Hunderte junger Menschen beim Poetry-Slam, graue Haare in den Publikumsreihen bei den Autoren-Porträts im Markgrafentheater — gibt es eigentlich überhaupt kein literarisches Angebot, das alt und jung gleichermaßen erreichen kann?

Birk: Das Erlanger Poetenfest ist immerhin – auch durch Kooperationen mit Partnern wie dem Poetry- Slam Erlangen – ein Festival, das fast alle Altersgruppen erreicht.
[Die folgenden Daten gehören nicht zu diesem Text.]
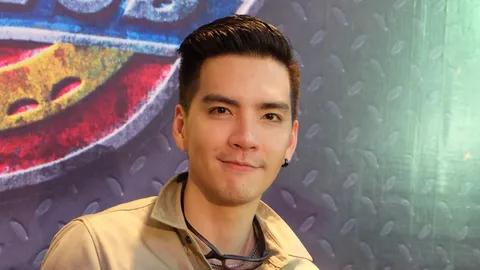 นิว ทำใจขาซ้ายไม่หายดี 100% แจงลงรูปฟิตหุ่นแค่เล่นเวทช่วงบน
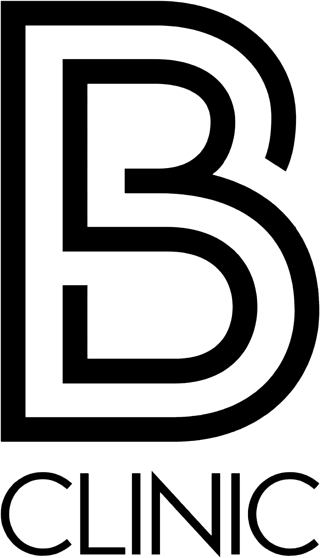 B Clinic logo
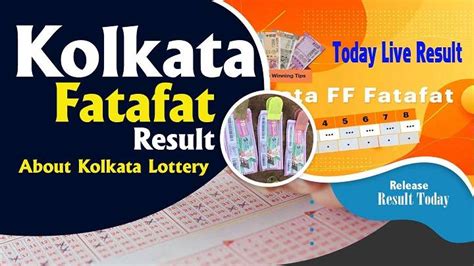 Kolkata FF Tips WhatsApp Group: Expert Advice for Winning Big.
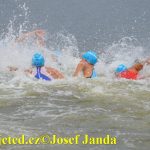 Triatlon: Machačová vybojovala na Evropském poháru juniorů v Táboře zlato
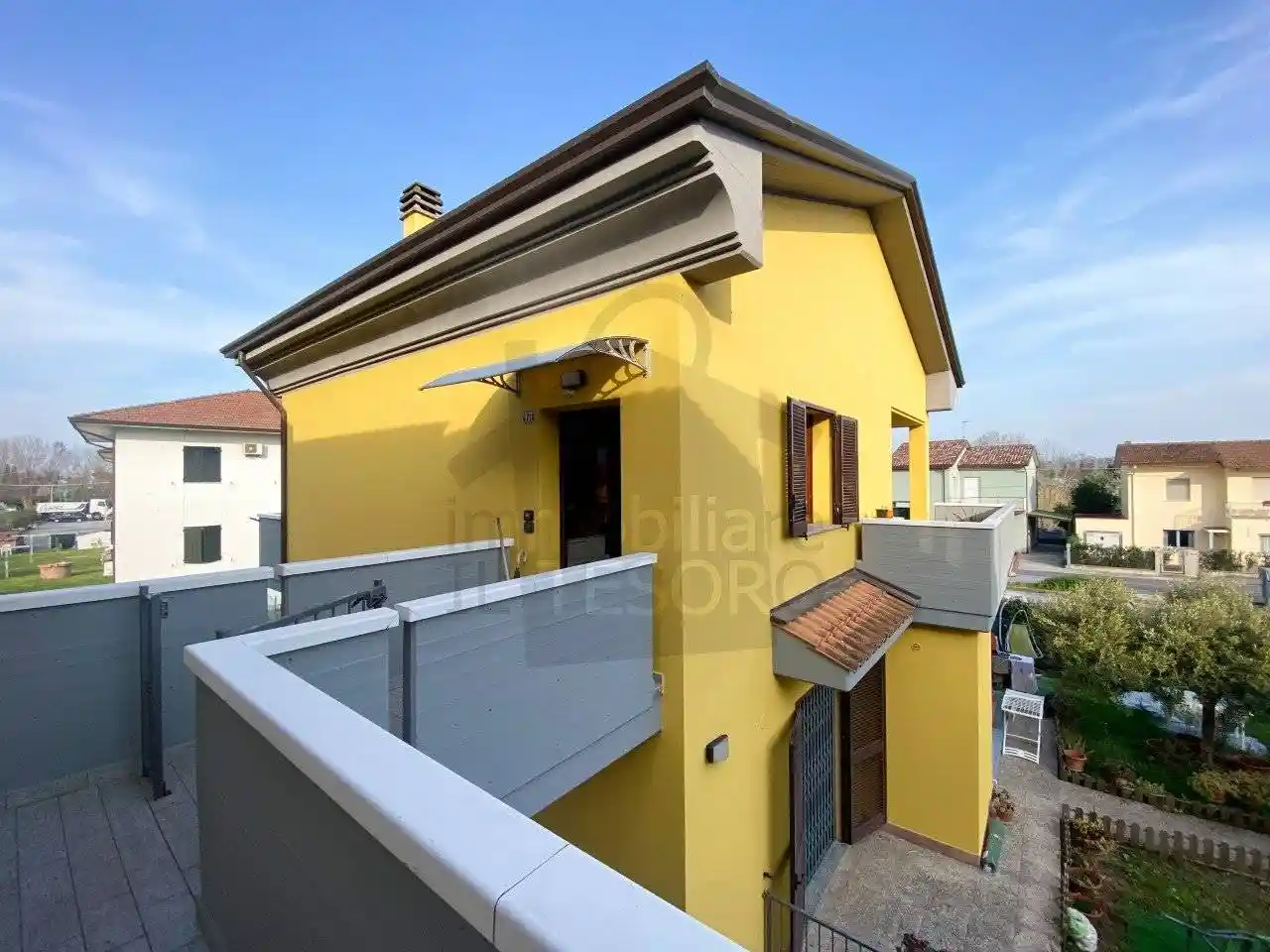 Appartamento in vendita a Poggio Torriana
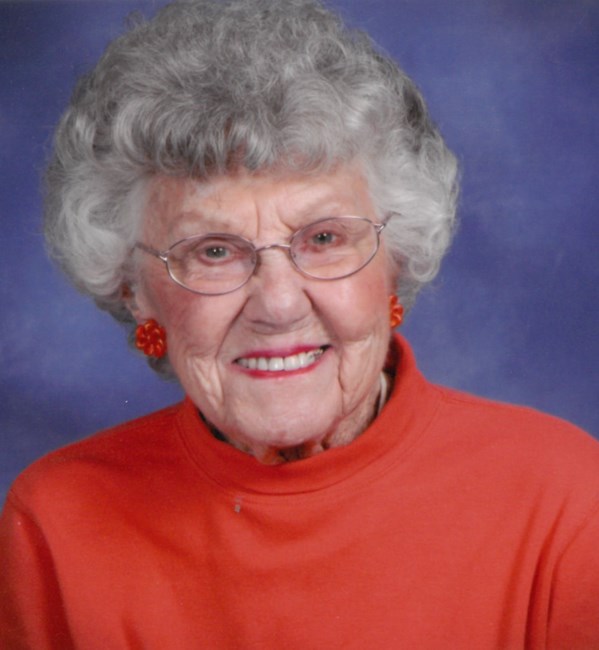 Obituary of Marjorie Oliver Knight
Dass jede einzelne Veranstaltung für alle Besucher gleichermaßen interessant sein soll, ist aber ein sehr ambitioniertes Ziel. Die „Revue der Neuerscheinungen“, also die Nachmittags-Lesungen im Park, schaffen das teilweise, wenn ich zum Beispiel in diesem Jahr an die Lesungen von Peter Wawerzinek oder Karen Köhler denke. Das Erlanger Poetenfest hat ein gemischteres Publikum als die meisten anderen Literaturveranstaltungen, die ich kenne. Trotzdem, es bleibt eine dauerhafte Aufgabe, daran zu arbeiten, neue Zielgruppen zu erschließen. Die Besucherinnen und Besucher, die wir zur Zeit erreichen, finden wir aber auch ziemlich toll!

Würde das Poetenfest auch in einer Welt, in der das gedruckte Wort zu Gunsten der E-Books und andere Verbreitungsformen abgeschafft wurde, funktionieren?

Birk: Eine ganz schön abstrakte Frage. Bei allem, was wir in den letzten Jahren – auch beim Poetenfest – über die Digitalisierung der Literatur erfahren konnten, steht die Abschaffung des gedruckten Buchs nach wie vor nicht bevor. Aber die Idee, sich mit Form und Inhalt literarischer Texte zu befassen, den eigenen Horizont zu erweitern, Freude am Gedankenaustausch zu haben, ist nicht von Publikationstechniken abhängig. Auch wenn ich mir noch nicht so recht vorstellen kann, dass wir im Park statt eines Büchertischs eines Tages einen HotSpot zum Download der Bücher einrichten. Auch wie das dann mit dem Signieren klappen könnte, ist mir noch unklar . . . Die Arbeitsgemeinschaft Kultur im Großraum wird sich übrigens in ihrem nächsten Großraumprojekt 2015 mit Veränderungen des kulturellen Lebens durch die Digitalisierung beschäftigen.

Herr Birk, was ist in der Rückschau Ihr ganz persönlicher Höhepunkt des Poetenfests?

Birk: Ich muss zugeben, dass ich während des Poetenfests kaum Gelegenheit habe, den Veranstaltungen selbst zu folgen. Aber der Samstagnachmittag im Park war schon großartig. Nicht nur wegen der vielen Besucher und des schönen Wetters, sondern weil ich den Eindruck hatte, dass die Dramaturgie des Nachmittags sehr gut aufging. Aber ich muss noch etwas zugeben: Die Anspannung während des Festivals ist bei uns im Team so groß, dass es auch ein besonderer Moment ist, wenn sich Verena Auffermann zum Abschluss des letzten Autorenporträts bis zum nächsten Jahr verabschiedet. Dann sind wir einerseits zwar ein wenig traurig, aber auch sehr erleichtert!